Emergency room medical professionals owe a duty of care to maintain their patients’ records. Staff members must communicate and share detailed and up-to-the-minute medical data with each other before transferring or handing off a patient.
As reported by American Nurse Journal, an estimated 70% of serious errors occur as a result of poor communication during a patient’s handoff. Caregivers leaving at the end of their shifts need to share patient data with staff members starting a new shift. Failing to provide the most recent diagnosis updates or a doctor’s plans for upcoming treatment could lead to a serious injury.
A lack of communication may result in medical mishaps
Mismanagement of information may cause a mistake affecting a patient’s condition or treatment. A nurse, for example, may administer the wrong medication or dosage. Doing so could lead to a severe allergic reaction.
Lab, x-ray and imaging data can change, and a patient’s chart must provide the most recent results.
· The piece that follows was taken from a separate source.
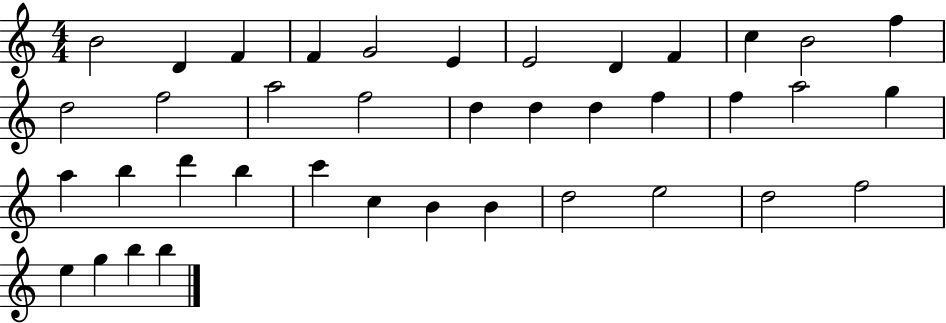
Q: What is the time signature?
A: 4/4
The omission of a newly discovered lump in a handoff communication, for example, may cause a physician to misdiagnose a serious development. If the patient required immediate surgery, but a doctor failed to perform it due to a chart omission, the hospital may incur liability for an injury.
Patients may help reduce the risks of communication errors
Patients visiting an emergency room may decrease the risks of staff errors by communicating with their caregivers. Learning about the hospital’s procedure for sharing electronic records between doctors may help reduce mistakes, according to the American Academy of Pediatrics.
Patients transferring to another hospital or to a different care provider may ask about how the handoff relates to a medical condition. Patients have a legal right to review their medical records and inquire about their treatment or procedures. If a debilitating error occurs, the hospital or its staff may face responsibility for damages.